*** Block opens ***

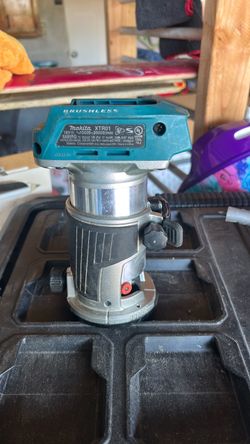 Makita router .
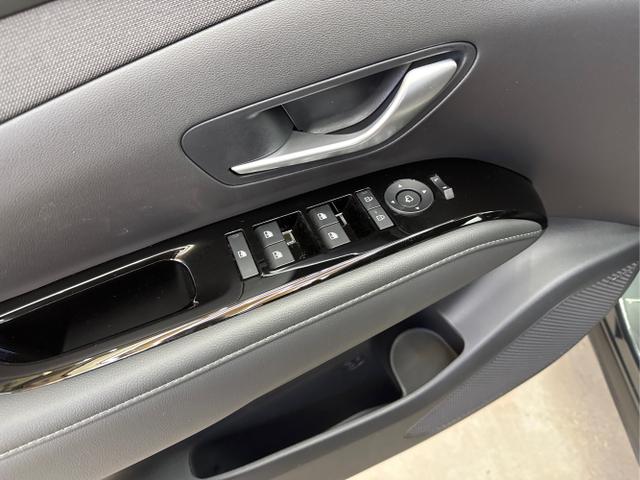 Hyundai / TUCSON FACELIFT / Grün / / / 20th Anniversary DCT 360 SHZ KRELL HUD 19ALU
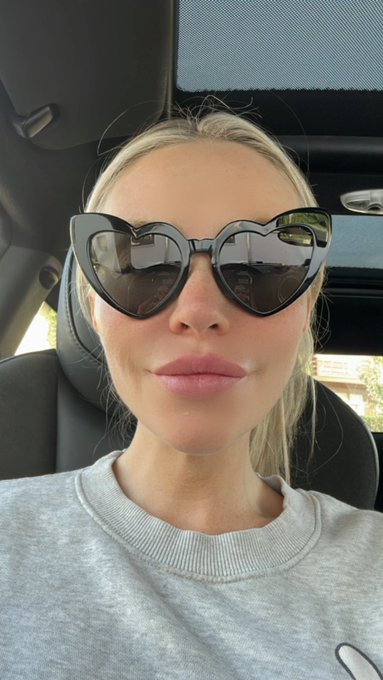 🖤🖤🖤 https://t.co/Xy1rXh1hIE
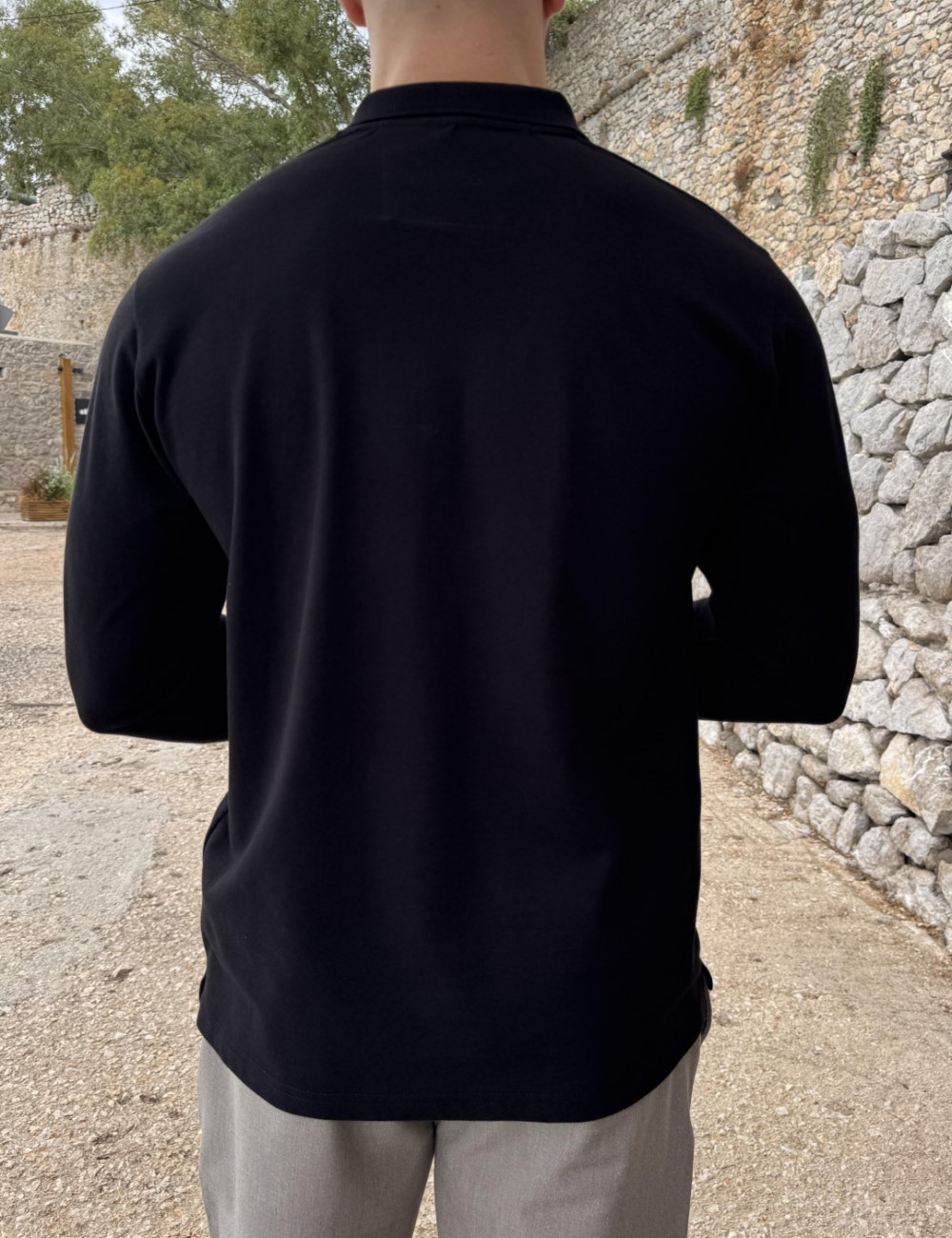 Ανδρική μακρυμάνικη μπλούζα ελληνικής κατασκευής με γιακά.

*** Block closes ***

What you have to do:
Everything in the material goes into the copy exactly, except the images.

Exercise solution:
 Makita router .
 Hyundai / TUCSON FACELIFT / Grün / / / 20th Anniversary DCT 360 SHZ KRELL HUD 19ALU
 🖤🖤🖤 https://t.co/Xy1rXh1hIE
 Ανδρική μακρυμάνικη μπλούζα ελληνικής κατασκευής με γιακά.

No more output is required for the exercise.